For several decades, basic education in Nigeria suffered setback despite seemingly good policies, programmes and interventions by governments and other stakeholders to stabilize and restore the lost glory of the system that once nurtured global giants like Abubakar Tafawa Balewa, Chinua Achebe and Wole Soyinka.
According to recent statistics released by the United Nations Children’s Fund (UNICEF), amongst states listed as the highest with out-of-school children in Nigeria, Kano is leading with 1,496,736, while Bauchi is trailing closely with 1,080,150.
It is against this backdrop that the UNICEF in collaboration with the United Kingdom Department for International Development (DFID), under the Girl Education Project – phase 3 (GEP 3) is providing training and funding for the School Based Management Committee (SBMC) programme in 6 selected Northern states (including Kano and Bauchi) for communities to become important stakeholders in complementing government’s efforts in infrastructure development in basic schools and encourage school enrolment of children, especially the girl child.
In Kano, the adoption and implementation of SBMC programme by the state government and communities is changing the dynamics of basic education across primary and junior secondary schools in the state.
Warure Special Primary School, one of the SBMC managed schools in Kano, dotted with evidential projects is a testimony of what can be achieved when communities get involved in the management of basic schools.
Apart from complementing government’s effort at providing infrastructure in basic schools, the programme has also recorded tremendous success in the area increased school enrolments especially with regards to the girl child.
The Mothers Committee, a key organ of the SBMC, which is primarily made up of mothers who have pupils in the school, has helped in no small measure to drive increase in girl child enrolment in their community through house to house advocacy visits.
A female member of the team, Mallama Habiba told Vanguard that through the advocacy of mothers committee, the school recorded 52 enrolments of girls in the first week of the programme.
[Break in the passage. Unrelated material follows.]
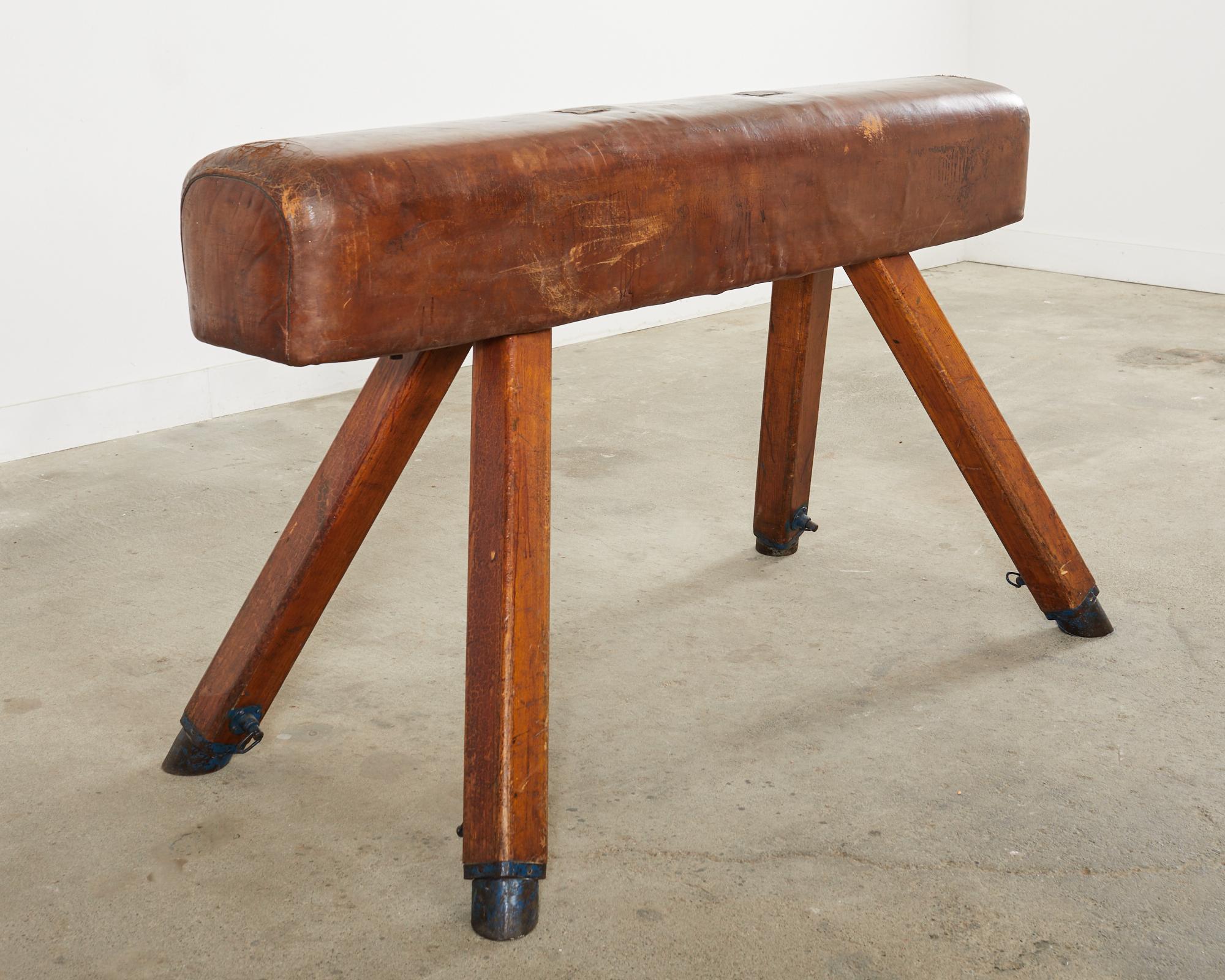 Large mid-century modern gymnastic pommel horse or bench vault. The bench features an oak frame covered with rich patinated cognac leather. The leather has a lovely aged patina with old repairs adding to its charm and character. The canted oak legs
“The mothers committee has done more for the team than any other group. In the first week of the programme, girls enrolment which was usually zero or one per week, rose to 52 in just one week, through the work of the mothers committee.
“These mothers go from door to door advocating to their counterparts that girls should be allowed to go to school. Since we started our work, the school has seen progressive increase in girl child enrolment,” she said.
A tour round the school revealed projects executed by SBMC, including fully equipped computer lab, toilets and boreholes among others.
Meanwhile, Bauchi seems not to have fully embraced the SBMC programme in the same way Kano is using the SBMC to complement government efforts in infrastructure and helping to drive increase in girl child enrolment and retention in basic schools.
The SBMC Chairman of Bauchi local government, AbdulHameed Mohammad who said his committee oversees 300 primary schools and 100 junior schools in Bauchi, noted that progress have been made in the area of provision of infrastructure in basic schools.
One of the schools visited by Vanguard in Bauchi, Gwallameji Primary School, however showed very little presence of SBMC project. The collapsing ceiling of some classes and broken seats were indications that the school lacked the kind of community involvement that Warure Special Primary School in Kano enjoys.
A teacher at the school who pleaded for anonymity, told Vanguard that the scantiness or lack of SBMC projects in some Bauchi schools was due to unawareness of the benefits of the SBMC programme.
According to him, “I know about the SBMC programme because I have travelled to other schools. Here in Bauchi, especially in this school, people barely know that a programme like that exists. I think it’s because there has not been enough enlightenment campaign to highlight the benefits of the SBMC programme.
“The Bauchi SUBEB (State Universal Basic Education Board) needs to increase their enlightenment campaign to educate community leaders on what they stand to benefit when they get involved in the management of education of their children.”
Moreover, at Galambi Government Day Primary School, Bauchi, school enrolment for the girl child recorded little success as SBMC committee chairman, Murtala Ibrahim accused parents of being reluctant of sending their girls to school over socioeconomic reasons.
“We are in society where parents don’t believe in girl child education. Sometimes, during our mobilisation campaign for girls enrolment, parents ask us what achievement have the girls with Western education made. Some prefer using them for hawking groundnut and other items and then push them out for early marriage,” he lamented.
Recently, the Universal Basic Education Commission (UBEC) approved N2.7 billion for construction of 5,010 classrooms across the country, under the School Based Management Committee and School Improvement Programme (SBMC-SIP).
According to UBEC, any community interested in the grant, must through the SBMC of the school, provide 10 percent contribution in cash or kind as a precondition to access funds (in any of its intervention schemes) for school development.
Bauchi, must, therefore, reposition the SBMC programme to encourage better community involvement in the management of basic schools in a way that will increase girl child enrolment and retention and enable basic education in the state to regain its lost glory.